Work order » Your answer must be an exact transcription of the data, with every picture omitted.

Source data »
# # # # # # #

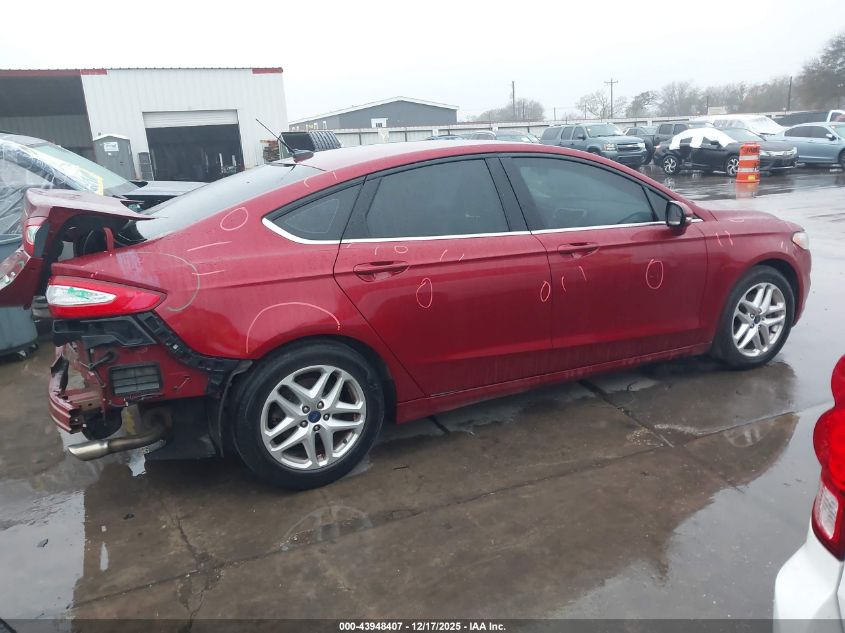 2016 Ford Fusion Se VIN: 3FA6P0HD4GR255408 Lot: 43948407
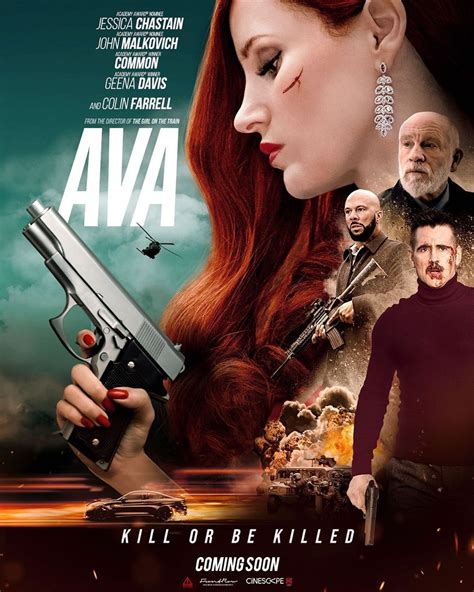 Ava Official Poster 2 Movies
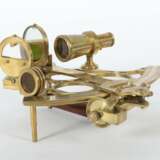 Sextant T. Cooke & Sons, London, um 1910, Messing,… - фото 2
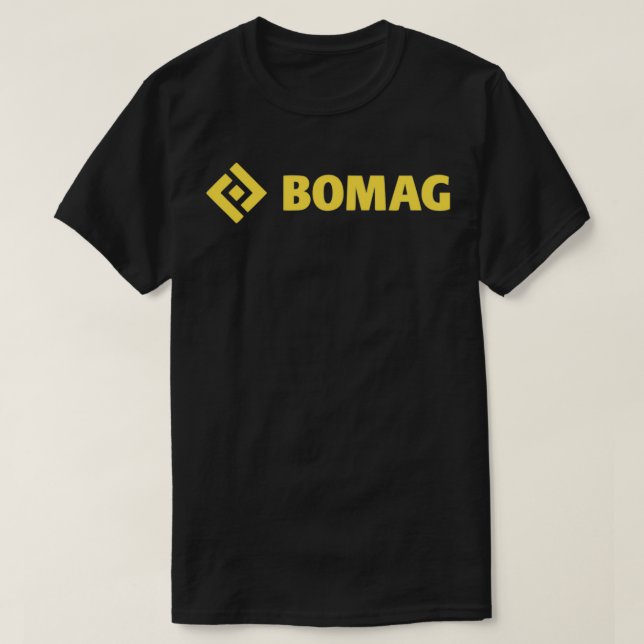Attraktives Bomagdesign T-Shirt (Design vorne)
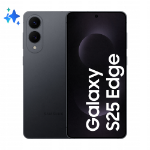 Samsung Galaxy S25 Edge 17 cm (6.7") Dual SIM Android 15 5G USB Type-C 12 GB 256 GB 3900 mAh Black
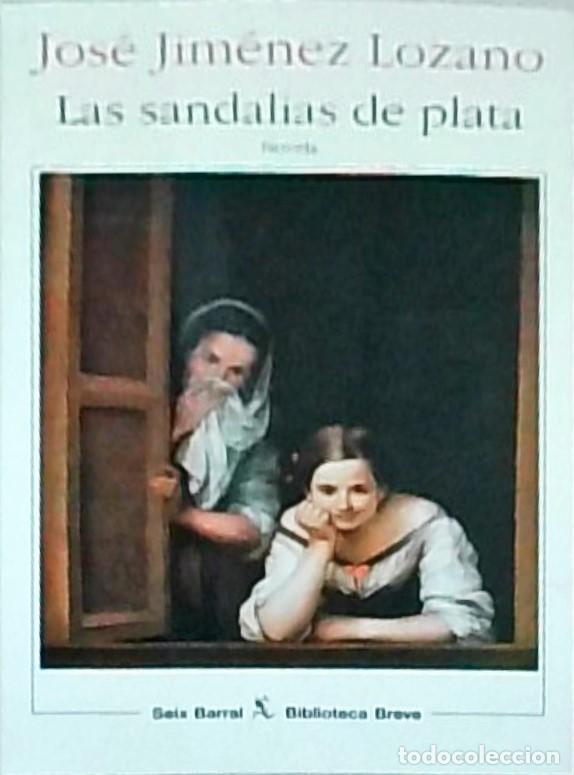 Livros em segunda m&atilde;o: Las sandalias de plata - Jos&eacute; Jim&eacute;nez Lozano:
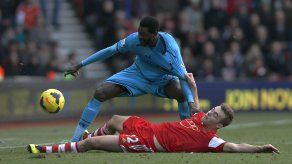 Everton vence a Swansea y es cuarto en la Premier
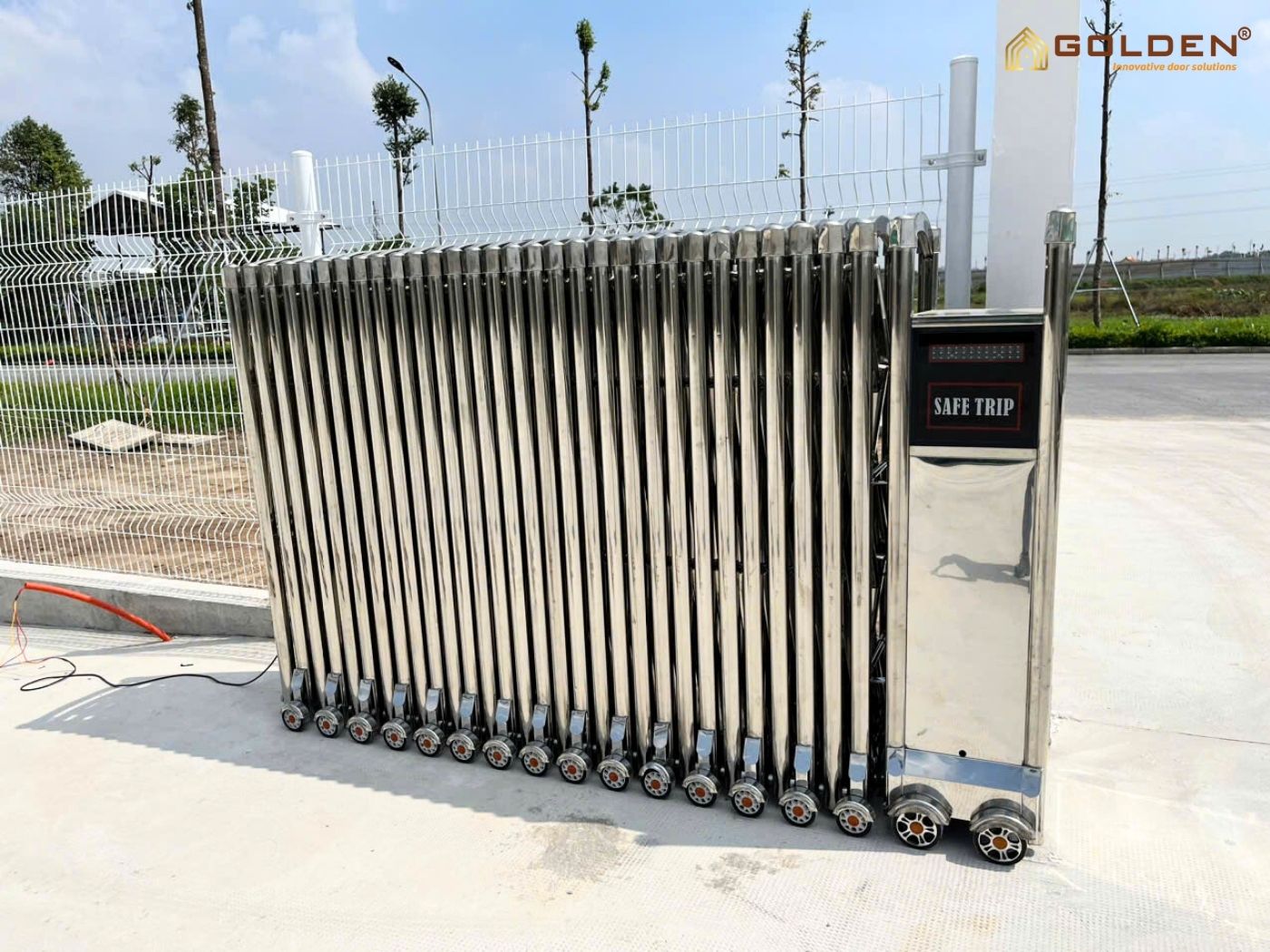 Ứng dụng của cổng xếp tự động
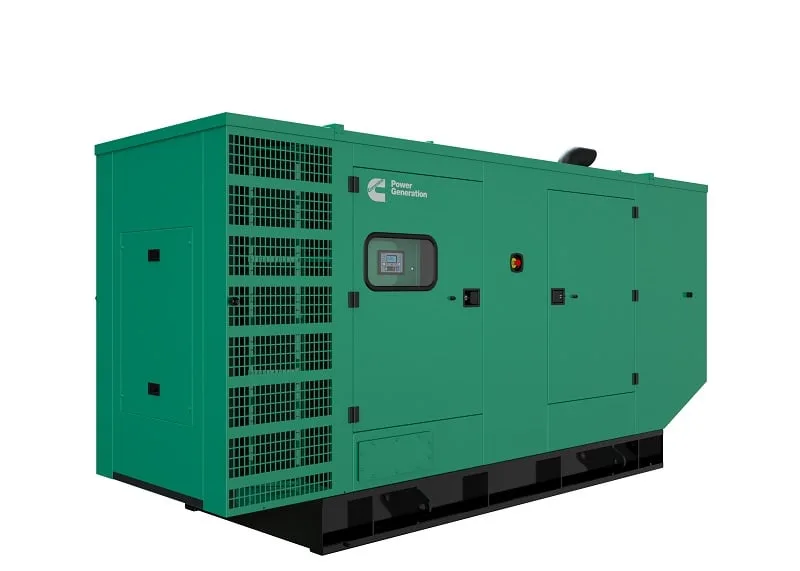 Cummins Cummins C250 D6 250 kW liquid-cooled standby generator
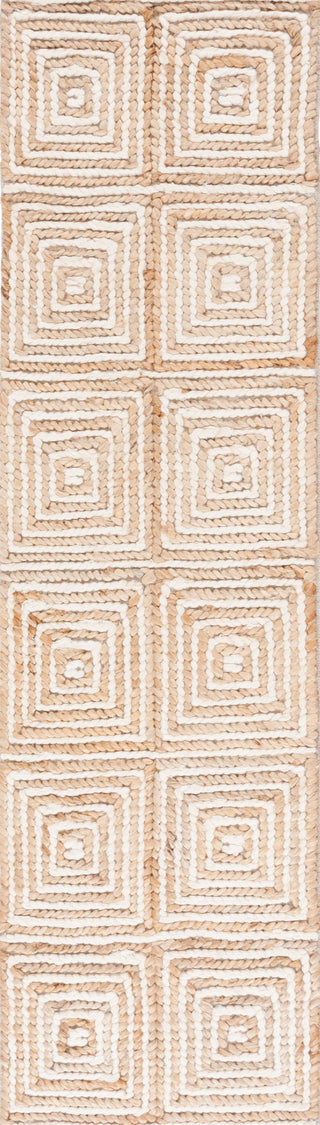 Safavieh Natural Fiber NF516A / Ivory Area Rug Runner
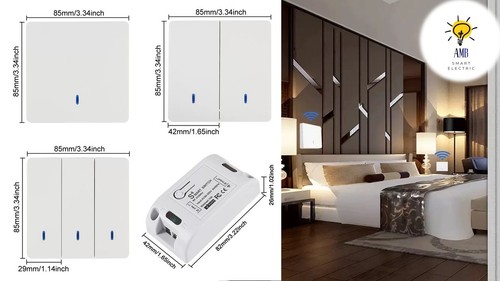 Wireless smart light - light, switch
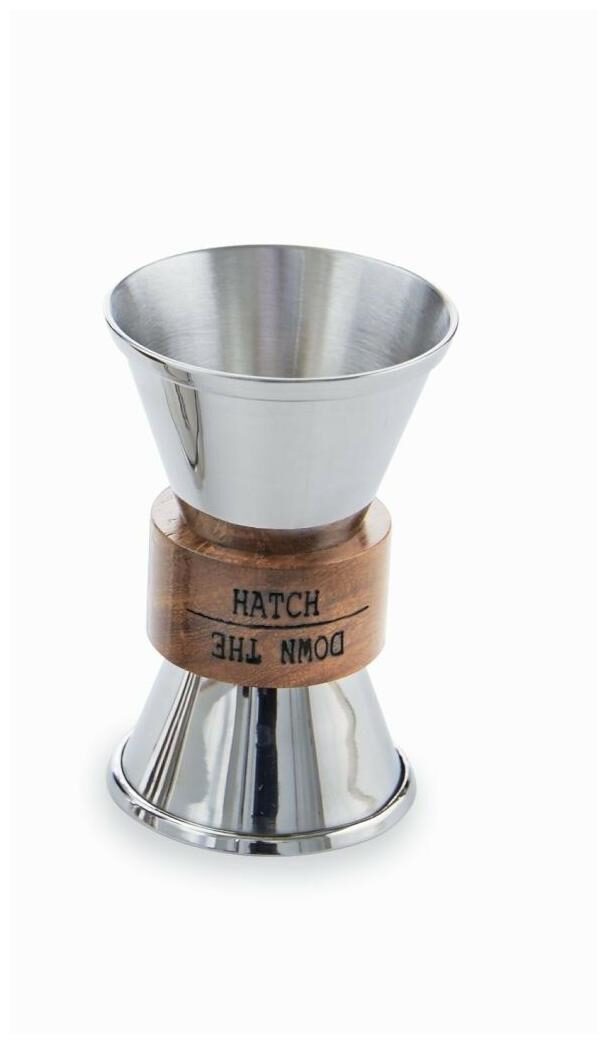 

Mud Pie E8 Bistro Bar Stainless Steel Jigger Shot Glass 4864075 Choose Design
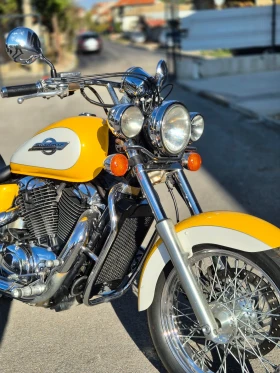 Обява за продажба на Honda Shadow 1100 C2 American Classic Edition ~7 999 лв. - изображение 10 | Auto.bg Обява за продажба на Honda Shadow 1100 C2 American Classic Edition ~7 999 лв. - изображение 10
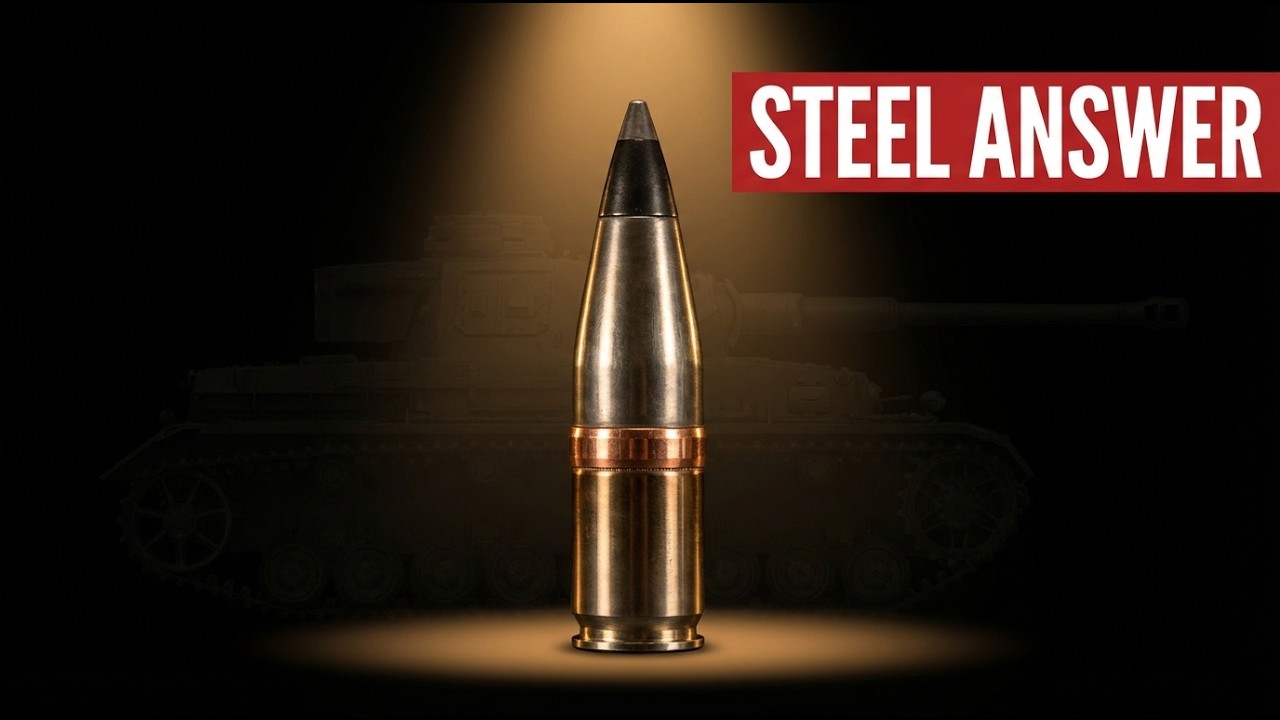 America Had No Tungsten in 1941 — So GE Built Carbide Rounds That Shattered Panzer Steel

# # # # # # #

Solution to the exercise »
 2016 Ford Fusion Se VIN: 3FA6P0HD4GR255408 Lot: 43948407
 Ava Official Poster 2 Movies
 Sextant T. Cooke & Sons, London, um 1910, Messing,… - фото 2
Attraktives Bomagdesign T-Shirt (Design vorne)
 Samsung Galaxy S25 Edge 17 cm (6.7") Dual SIM Android 15 5G USB Type-C 12 GB 256 GB 3900 mAh Black
 Livros em segunda m&atilde;o: Las sandalias de plata - Jos&eacute; Jim&eacute;nez Lozano:
 Everton vence a Swansea y es cuarto en la Premier
 Ứng dụng của cổng xếp tự động
 Cummins Cummins C250 D6 250 kW liquid-cooled standby generator
 Safavieh Natural Fiber NF516A / Ivory Area Rug Runner
 Wireless smart light - light, switch

Mud Pie E8 Bistro Bar Stainless Steel Jigger Shot Glass 4864075 Choose Design
 Обява за продажба на Honda Shadow 1100 C2 American Classic Edition ~7 999 лв. - изображение 10 | Auto.bg Обява за продажба на Honda Shadow 1100 C2 American Classic Edition ~7 999 лв. - изображение 10
 America Had No Tungsten in 1941 — So GE Built Carbide Rounds That Shattered Panzer Steel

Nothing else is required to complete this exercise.